The phrase “a person who stirs up division” or as the NASB has it, the “factious man,” is a notorious anchor for those who want to claim all dissent from their “rule” is such a sin as to warrant ejection from the congregation. But does it really mean someone who asks a question?
If we back up and consider the immediate context, we see that Paul is concerning himself with doctrine:
But avoid foolish controversies, genealogies, dissensions, and quarrels about the law, for they are unprofitable and worthless.

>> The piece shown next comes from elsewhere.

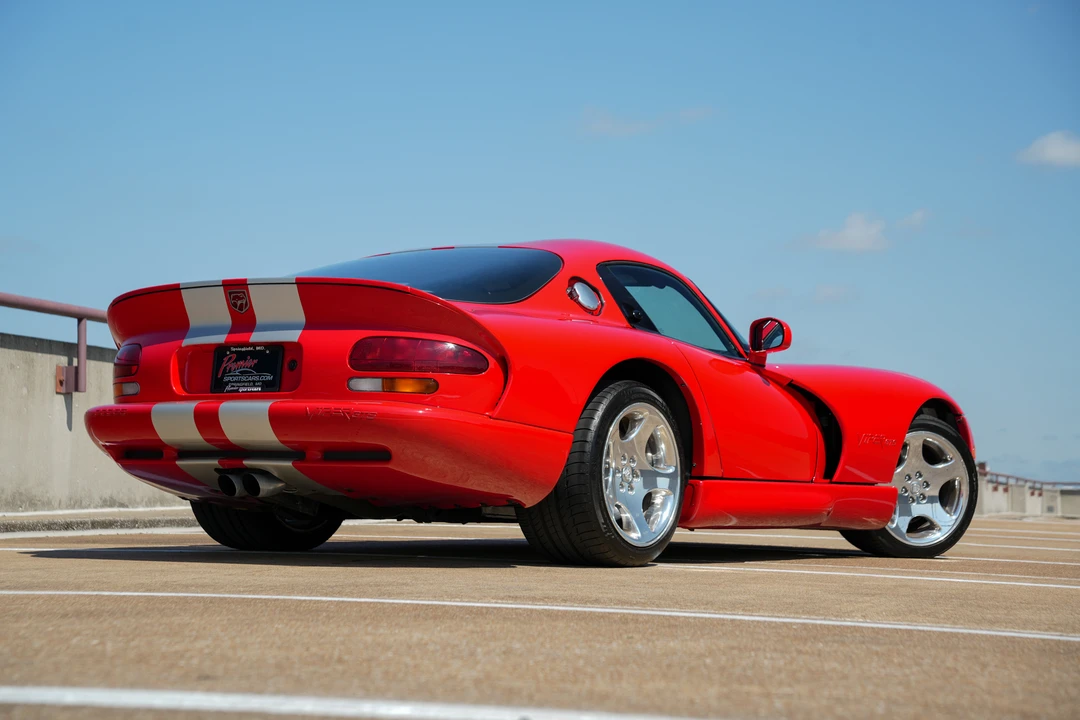 2002 Dodge Viper GTS 2nd Gen - Image 11 of 31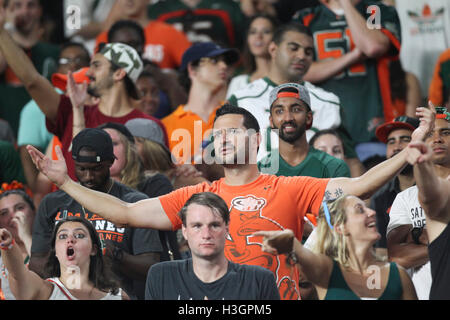 Miami, Florida, USA. 8. Oktober 2016. MONICA HERNDON | Times.Miami Hurrikane Fans reagieren nach der Kick Block von Florida State Seminolen wodurch sie verliert das Spiel 20-19 Samstag, 8. Oktober 2016 im Hard Rock Stadium in Miami Gardens war. © Monica Herndon/Tampa Bay Times / ZUMA Draht/Alamy Live News Stockfoto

Titus 3:9 (ESV)
In the verse 11, such a man is “warped and sinful; he is self-condemned”. Therefore, an examination of the immediate context leads one to think of a false-teacher: which is precisely what we see when looking to overall structure of Paul’s argument.
Beginning in Titus 1:5, Paul lays out the criteria for appointing elders in each town. In verse 9, Paul comes to the element:
He must hold firm to the trustworthy word as taught, so that he may be able to give instruction in sound doctrine and also to rebuke [elegchein] those who contradict it. Titus 1:9 (ESV)
Note these the elder/overseer must be one who is able (1) instruct, and (2) and is able to rebuke those who do not understand doctrine (ἐλέγχειν, elegchein). This aspect of the overseer’s responsibility parallels the command of Titus 3:10 to warn (nouthein) “an heretick”. The command to “rebuke” will also be given in 2:15.